Confirmation of my Bipolar 1 diagnosis was one of those truths for me. For several years after my first episodes of illness, we didn’t know whether we were dealing with Postnatal Psychosis or Bipolar Disorder. In my mind one was transient, the other a life sentence. Each time I’d press my psychiatrist for a definitive diagnosis he’d say:

‘We’ll have to wait three to five years to see if you have another episode.’

This answer frustrated me immensely. I wanted to put the whole experience of being mentally ill behind me.

When my second baby was six weeks old I got my answer. My sanity drowned in psychosis and mania again. With my memory and concentration in shreds, I used brightly coloured post it notes stuck all over my hospital room to remind me of random things.

The state of my room mirrored the inside of my head. A chaotic, technicolour blur. Each day my psychiatrist stood in the doorway to my room surveying the mess as he assessed me.
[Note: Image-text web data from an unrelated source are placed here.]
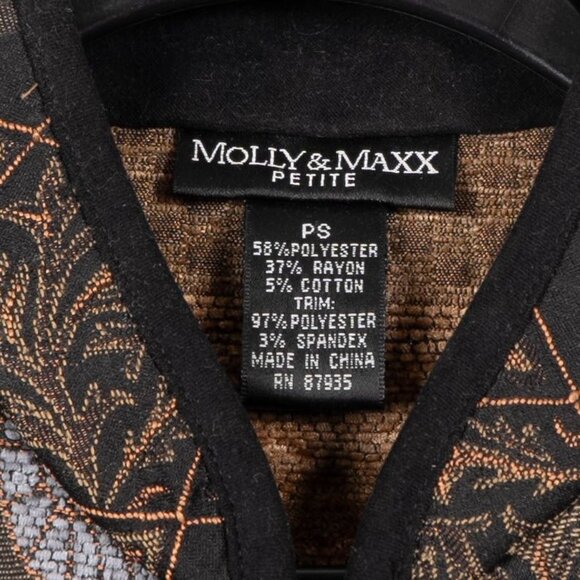 Molly & Maxx Tapestry Blazer Jacket Petite PS Womens Patchwork Brown Blue Zip - Picture 6 of 7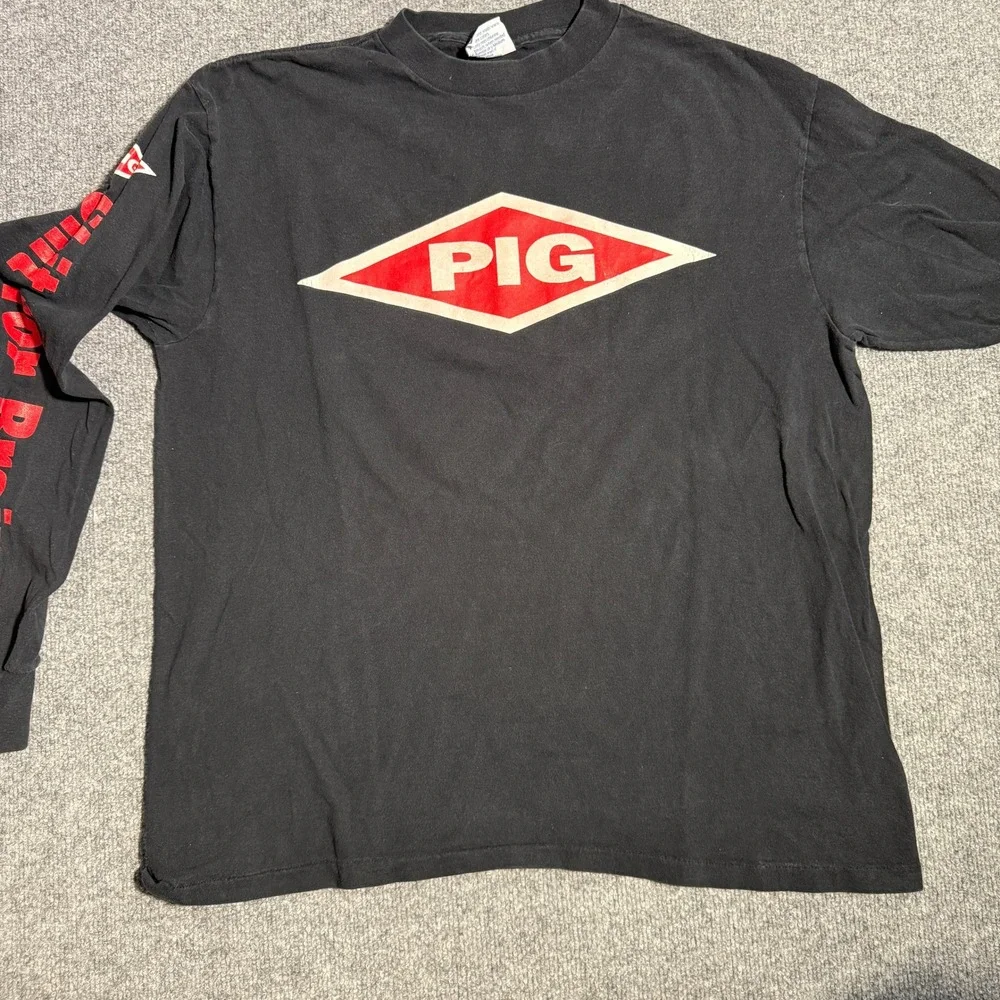 Vintage 1997 PIG Red‎ Raw & Sore Industrial Rock Long Sleeve Shirt Black XL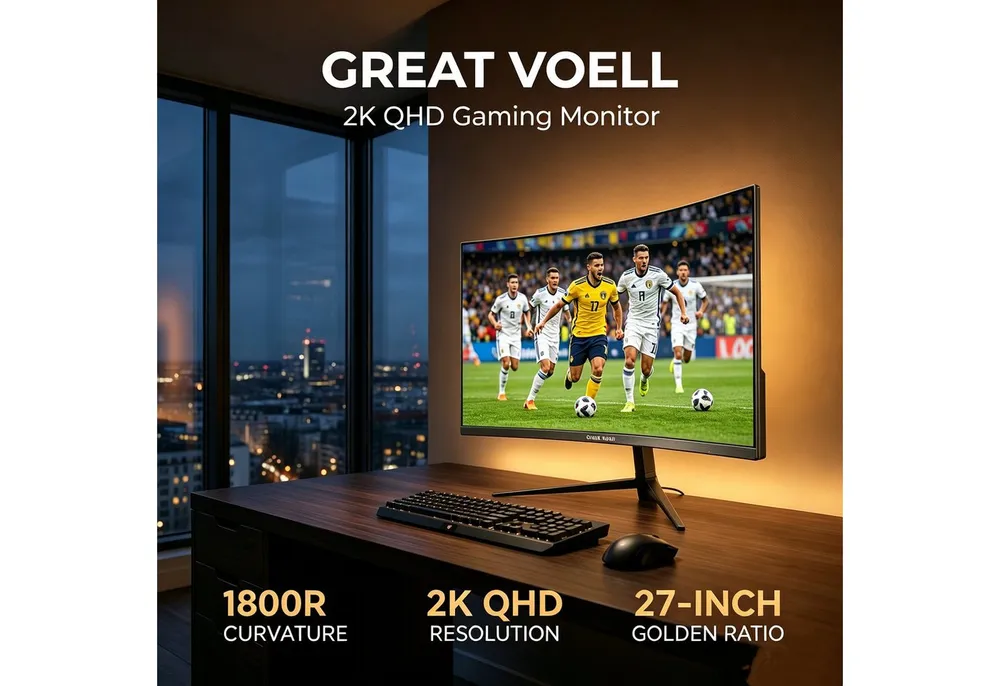 Great Voell Q270B25 Adaptive Sync, QHD, 1440P, 165Hz, 2K Curved Gaming-Monitor (68,58 cm/27 ", 2560x1440 px, QHD, 1 ms Reaktionszeit, 165 Hz, VA LED, 16:9, HDMI & DisplayPort, AMD FreeSync, 1440px, HDR10, 165Hz)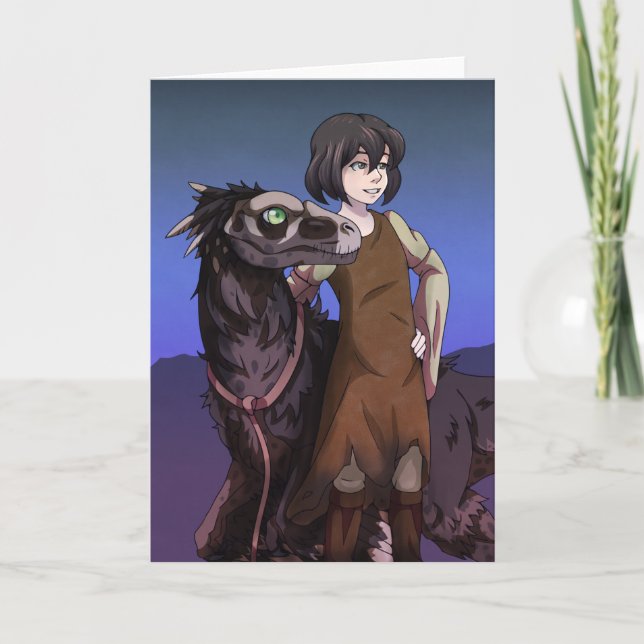 A Girl and Her Dinosaur Card (Front)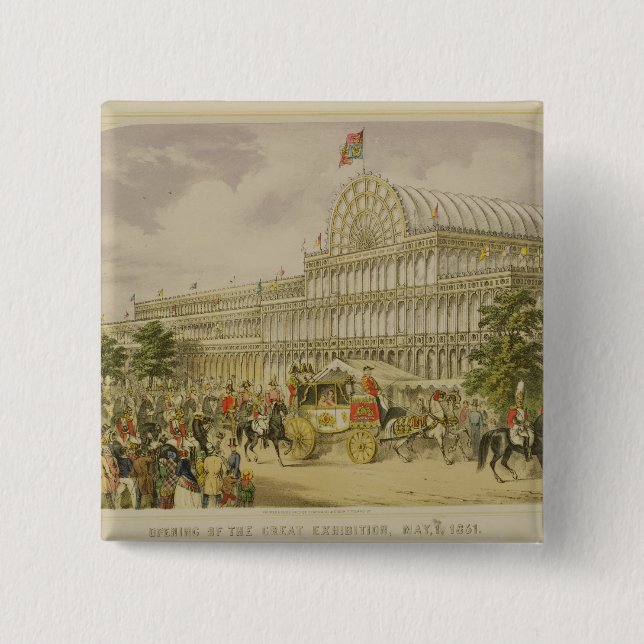 Die Eröffnung der großen Ausstellung, am 1. Mai Button (Vorderseite)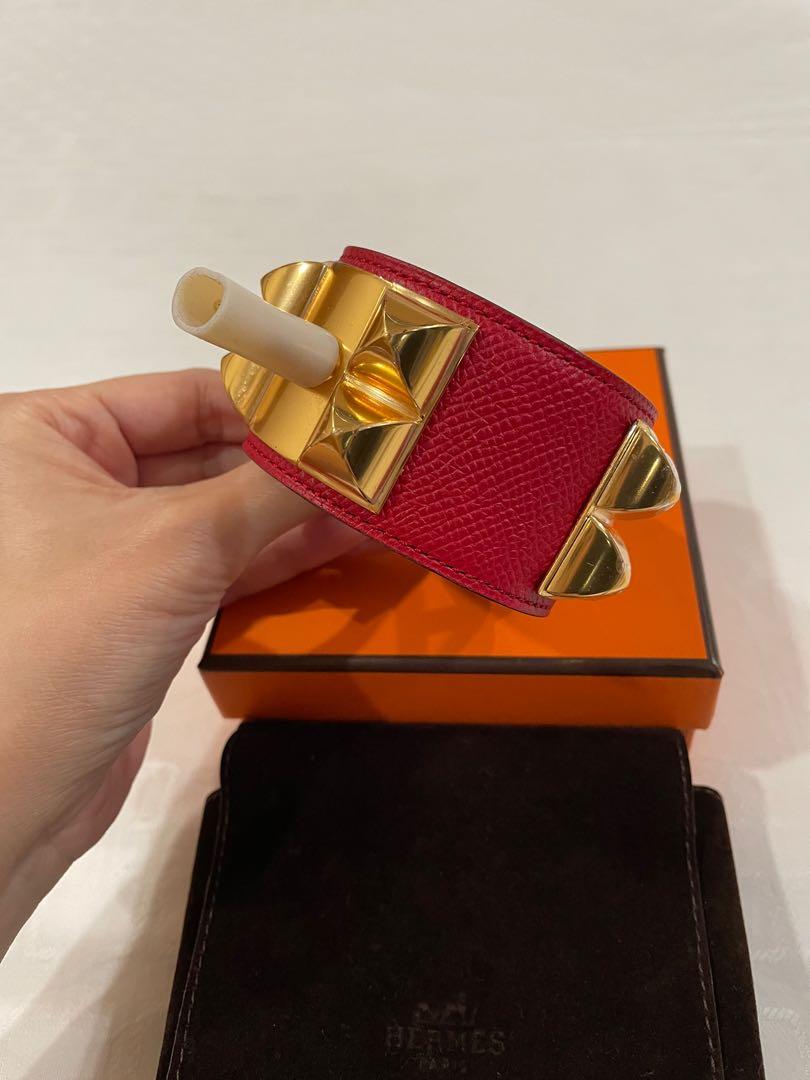 Hermes CDC Rouge Casaque Epsom Gold Hardware BRAND NEW (Category: Bracelets) located in Singapore. Submitted by melodyluxury (Listing ID 1144117209, Image 2). Description: Brand New All seals intact Rouge Casaque with Gold Hardware Epsom leather Comes with full set with receipt No low ballers .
One morning I looked up at him and asked:

‘Postnatal Psychosis or Bipolar?’

He didn’t hesitate:

‘Bipolar. Definitely Bipolar.’

The room spun. The words ‘I will never get better.’ flashed in front of me.

I did get better eventually. And with the bettering came the bargaining:

‘If I don’t have any more babies, I won’t get sick again.’

And then I got sick again, without a baby. I felt as though the universe had reneged on our bargain. Of course, there was no bargain. I got sick again and again, and I had a choice to make: Find a degree of acceptance or let my anger and resentment at being landed with this illness poison even the times when the illness wasn’t symptomatic.

Acceptance has taken years. At times I have wished I could exchange this illness for one with sharper borders. I’ve learnt to give myself a tantrum allowance. I get to have one every now and then, but any more is just a waste of precious energy.

Even amid acceptance there are jagged points I could get snagged on. There’s the medications, mouthfuls of them twice a day. There’s the loss of employment every time I get sick, because I am unable to say when I will be well again. There’s never knowing when I’ll get sick. I’ve learnt this illness has no respect for birthdays, holidays, anniversaries, or eagerly anticipated trips to Paris.

I tend towards cynicism, so the idea of gratitude, particularly if it’s hash tagged and accompanied by an image of angelic looking children or a green smoothie, stimulates my gag reflex. But I do occasionally practice it to counter those jagged points:

My medication keeps me stable and we can afford it. I’ve regained work every time I’ve lost it, and we don’t depend on my wage for survival. Paris isn’t going anywhere. And as for the unpredictable nature of the illness: Everyone’s life is unpredictable.

In the sick times it still makes no sense. When I am in the thick of mania, and my thoughts race and crash into each other, like toddlers in dodgem cars. When psychosis takes hold, and all sense departs to make room for horror. Or when I can barely drag the breath into my lungs during rebound depression, I can’t find meaning in any of that.

But the well times are different. Because the sick times make so little sense, the well times now make more.  I don’t take being home with my family for granted. I celebrate life when I am well because I can, not because of the date.  I nourish, weed and appreciate the garden of my life when I’m healthy, so that when I drop off the edge in sickness, I know it won’t die.

I am reluctant to lean too heavily on the ‘What doesn’t kill us makes us stronger.’ cliché, because during adversity I often feel like giving the opportunity for growth that accompanies said adversity the finger. However, once the acute crisis passes I do find comfort in the last lines of The Holy Longing, one of my favourite poems by Goethe:

‘…And so long as you haven’t experienced this: to die and so to grow,

you are only a troubled guest on the dark earth.’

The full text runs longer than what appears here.